/risk-aware-curriculum-generation

Risk-aware curriculum generation for heavy-tailed distributions

Primary LanguageJupyter NotebookMIT LicenseMIT

Risk-aware Curriculum Generation for Heavy-tailed Task Distributions

Cevahir Koprulu (1), Thiago D. Simão (2), Nils Jansen (2) and Ufuk Topcu (1)

(1) The University of Texas at Austin

(2) Radbound University Nijmegen

Accepted for the 39th Conference on Uncertainty in Artificial Intelligence (UAI 2023).
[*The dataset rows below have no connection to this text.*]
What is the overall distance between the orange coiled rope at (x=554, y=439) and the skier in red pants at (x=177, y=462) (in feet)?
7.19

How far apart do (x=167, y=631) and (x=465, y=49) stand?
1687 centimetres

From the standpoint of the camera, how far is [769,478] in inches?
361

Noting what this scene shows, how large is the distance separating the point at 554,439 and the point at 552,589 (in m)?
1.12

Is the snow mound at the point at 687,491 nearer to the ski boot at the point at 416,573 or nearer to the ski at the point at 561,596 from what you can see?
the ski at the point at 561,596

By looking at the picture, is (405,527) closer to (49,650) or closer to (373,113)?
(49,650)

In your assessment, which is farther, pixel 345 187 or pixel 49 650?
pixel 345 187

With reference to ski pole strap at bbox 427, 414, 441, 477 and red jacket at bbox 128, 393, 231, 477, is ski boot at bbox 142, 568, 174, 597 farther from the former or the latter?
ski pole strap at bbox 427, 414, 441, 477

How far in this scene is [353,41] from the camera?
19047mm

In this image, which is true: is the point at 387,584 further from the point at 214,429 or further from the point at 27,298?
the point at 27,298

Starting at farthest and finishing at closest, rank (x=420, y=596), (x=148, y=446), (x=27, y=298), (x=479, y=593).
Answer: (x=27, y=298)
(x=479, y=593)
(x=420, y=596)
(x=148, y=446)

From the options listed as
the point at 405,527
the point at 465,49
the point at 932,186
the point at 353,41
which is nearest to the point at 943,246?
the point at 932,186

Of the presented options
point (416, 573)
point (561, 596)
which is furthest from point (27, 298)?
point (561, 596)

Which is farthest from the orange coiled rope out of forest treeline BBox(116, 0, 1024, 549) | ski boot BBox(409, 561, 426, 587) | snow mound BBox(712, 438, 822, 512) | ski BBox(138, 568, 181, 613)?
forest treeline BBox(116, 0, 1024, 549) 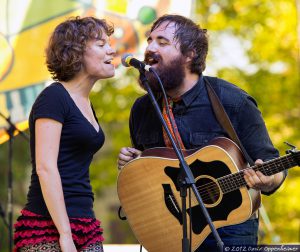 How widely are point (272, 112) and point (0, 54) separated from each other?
6051 millimetres

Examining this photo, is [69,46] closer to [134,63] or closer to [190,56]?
[134,63]

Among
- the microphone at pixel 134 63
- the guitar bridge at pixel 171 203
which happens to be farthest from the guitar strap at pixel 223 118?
the microphone at pixel 134 63

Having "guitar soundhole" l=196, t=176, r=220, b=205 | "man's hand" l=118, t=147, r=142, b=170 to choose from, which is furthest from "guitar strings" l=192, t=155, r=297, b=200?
"man's hand" l=118, t=147, r=142, b=170

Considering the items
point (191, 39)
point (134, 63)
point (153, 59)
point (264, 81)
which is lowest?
point (134, 63)

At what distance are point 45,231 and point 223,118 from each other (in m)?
1.36

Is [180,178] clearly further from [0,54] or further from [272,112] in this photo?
[272,112]

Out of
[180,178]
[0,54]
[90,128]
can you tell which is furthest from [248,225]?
[0,54]

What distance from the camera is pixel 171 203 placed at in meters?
3.98

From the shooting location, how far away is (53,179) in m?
3.14

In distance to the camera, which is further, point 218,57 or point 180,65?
point 218,57

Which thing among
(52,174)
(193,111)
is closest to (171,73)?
(193,111)

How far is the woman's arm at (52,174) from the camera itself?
3.12 meters

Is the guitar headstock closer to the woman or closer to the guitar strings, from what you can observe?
the guitar strings

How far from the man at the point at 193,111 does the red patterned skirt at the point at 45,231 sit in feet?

Our codebase is built on the repository of Curriculum Reinforcement Learning via Constrained Optimal Transport (CURROT) by Klink et al. (2022).

Web sources for CURROT:

Source code: https://github.com/psclklnk/currot/tree/icml (ICML branch)
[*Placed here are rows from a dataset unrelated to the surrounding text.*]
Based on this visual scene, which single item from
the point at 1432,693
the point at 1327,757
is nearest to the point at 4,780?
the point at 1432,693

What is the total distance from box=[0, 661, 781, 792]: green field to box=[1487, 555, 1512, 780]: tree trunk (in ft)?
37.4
Paper: https://proceedings.mlr.press/v162/klink22a.html

Cross-entropy methods are originally implemented in the repository of Efficient Risk-Averse Reinforcement Learning (CeSoR) by Greenberg et al. (2022).

Web sources for CeSoR:

Source code: https://github.com/ido90/CeSoR

Paper: https://proceedings.neurips.cc/paper_files/paper/2022/hash/d2511dfb731fa336739782ba825cd98c-Abstract-Conference.html

We run our codebase on Ubuntu 20.04.5 LTS with Python 3.9.16

Installation

The required packages are provided in a requirements.txt file which can be installed via the following command;

pip install -r requirements.txt

How to run

To run a single experiment (training + evaluation), run.py can be called as follows (you can put additional parameters):

python run.py --train --eval 0 --env point_mass_2d_heavytailed --type self_paced_with_cem --target_type wide --DIST_TYPE cauchy --seed 1 # RACGEN
python run.py --train --eval 0 --env point_mass_2d_heavytailed --type self_paced_with_cem --target_type wide --DIST_TYPE gaussian --seed 1 # RACGEN-N
python run.py --train --eval 0 --env point_mass_2d_heavytailed --type self_paced --target_type wide --DIST_TYPE cauchy --seed 1 # SPDL
python run.py --train --eval 0 --env point_mass_2d_heavytailed --type self_paced --target_type wide --DIST_TYPE gaussian --seed 1 # SPDL-N
python run.py --train --eval 0 --env point_mass_2d_heavytailed --type default_with_cem --target_type wide --seed 1 # Default-CEM
python run.py --train --eval 0 --env point_mass_2d_heavytailed --type default --target_type wide --seed 1 # Default
python run.py --train --eval 0 --env point_mass_2d_heavytailed --type wasserstein --target_type wide --seed 1 # CURROT
python run.py --train --eval 0 --env point_mass_2d_heavytailed --type alp_gmm --target_type wide --seed 1 # ALP-GMM
python run.py --train --eval 0 --env point_mass_2d_heavytailed --type goal_gan --target_type wide --seed 1 # GoalGAN
python run.py --train --eval 0 --env point_mass_2d_heavytailed --type plr --target_type wide --seed 1 # PLR
python run.py --train --eval 0 --env point_mass_2d_heavytailed --type vds --target_type wide --seed 1 # VDS

The results demonstrated in our submitted paper can be run via run_{environment_name}_experiments.py by changing environment_name to one of the following:

  • point_mass_2d_heavytailed_wide
  • lunar_lander_2d_heavytailed_wide

Evaluation

Under misc directory, there are three scripts:

  1. plot_expected_performance.py: We use this script to plot the progression of expected return during training.
  2. plot_stat_return.py: We run this script to obtain a box plot for the distribution of the discounted return obtained by final policies in contexts drawn from the target context distribution. One can use this script to run statistical significance tests, as we did for the paper.
  3. sample_eval_contexts.py: We run this script to draw contexts from the target context distributions and record them to be used for evaluation of trained policies.